Independent Physicians

As value-based payment models gain momentum, physicians are taking a closer look at how population health management solutions can be implemented to improve patient outcomes and grow revenue.

To be successful in this new paradigm, providers are required to understand the complexities of their patient population, quantify costs and quality of care, and identify opportunities to control spending without affecting patient care. Further, they must clearly articulate performance data to support payer contract discussions, and reduce administrative burdens.

Generating Revenue and Improving Quality with Medicare Fee-for-Service Programs

Independent physicians can benefit from new revenue stream opportunities by providing Medicare beneficiaries with important preventive care and disease management services, while improving quality of life and optimizing health.

In 2015, the Centers for Medicare & Medicaid Services (CMS) introduced a separately billable, non-face-to-face Chronic Care Management (CCM) service, and reimbursement for Annual Wellness Visits (AWV). The goal of these programs is to improve care for Medicare beneficiaries through better management of chronic conditions, prevention and early detection.

Annual Wellness Visits

Medicare beneficiaries can opt for an annual wellness visit each year to lower the risks of illness and injury.

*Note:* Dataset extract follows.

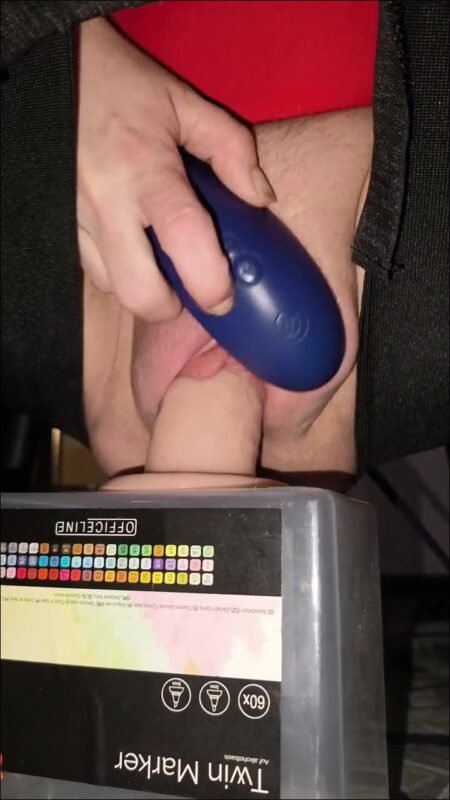 Joannawet - Ich reite einen meiner dildos auf elastischem fickhocken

HealthEC supports providers delivering preventive care services with workflow tools that identify candidates and help coordinate the AWV program. We increase the independent physician’s prospects for reimbursement while supporting value-based care objectives and population wellness goals.

Chronic Care Management

HealthEC helps physicians better manage chronic illness while earning reimbursement under the CMS CCM program. Our advanced analytics identify candidates for the program, while care coordination workflow tools support individualized care plans. Patients, in turn, are more informed about disease processes and better equipped to manage chronic conditions.

Maintaining Independence While Competing for Value-based Care Contracts

While most independent physicians would prefer to remain autonomous, the rise of value-based care contracts that require collaboration across a network of primary care and specialty providers poses a significant challenge for independent practices.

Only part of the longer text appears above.